## WORK INSTRUCTIONS:
Omit all images, then repeat exactly the lines below from the one containing "Selling 2nd Hand" through the one containing "Icon for Eight-Legged Streak", both ends included.

## MATERIAL PROVIDED:
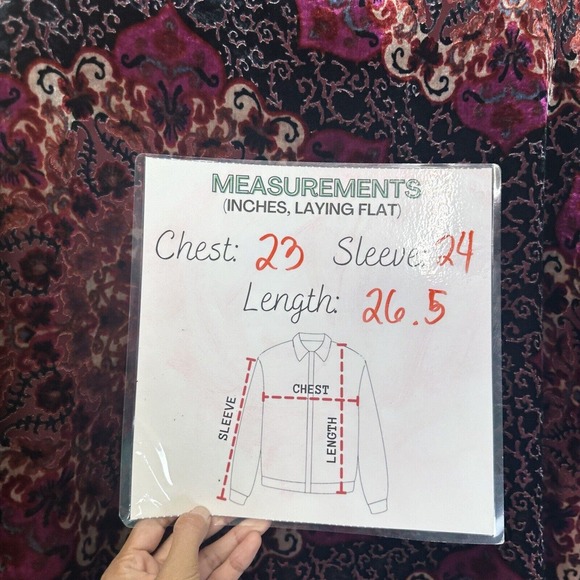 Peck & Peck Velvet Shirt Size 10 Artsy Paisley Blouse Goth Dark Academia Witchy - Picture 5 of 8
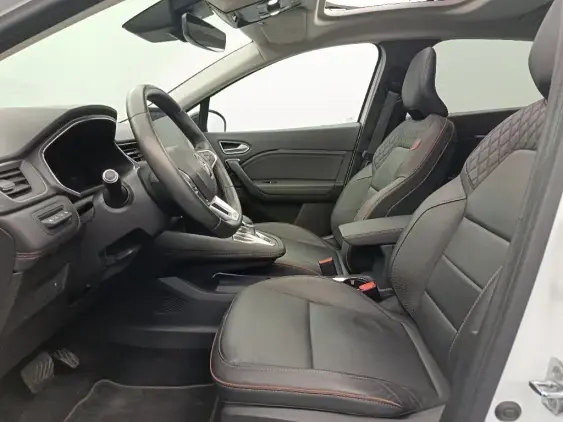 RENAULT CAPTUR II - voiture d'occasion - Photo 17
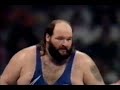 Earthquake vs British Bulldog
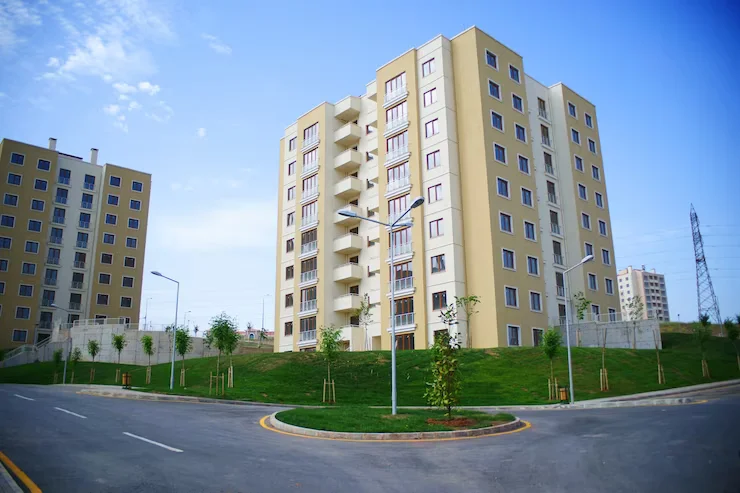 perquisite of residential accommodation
* * *
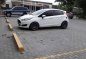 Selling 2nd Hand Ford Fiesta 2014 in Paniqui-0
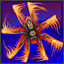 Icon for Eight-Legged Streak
--
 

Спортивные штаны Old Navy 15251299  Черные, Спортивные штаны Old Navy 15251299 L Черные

## RESPONSE TO THIS TASK:
 Selling 2nd Hand Ford Fiesta 2014 in Paniqui-0
 Icon for Eight-Legged Streak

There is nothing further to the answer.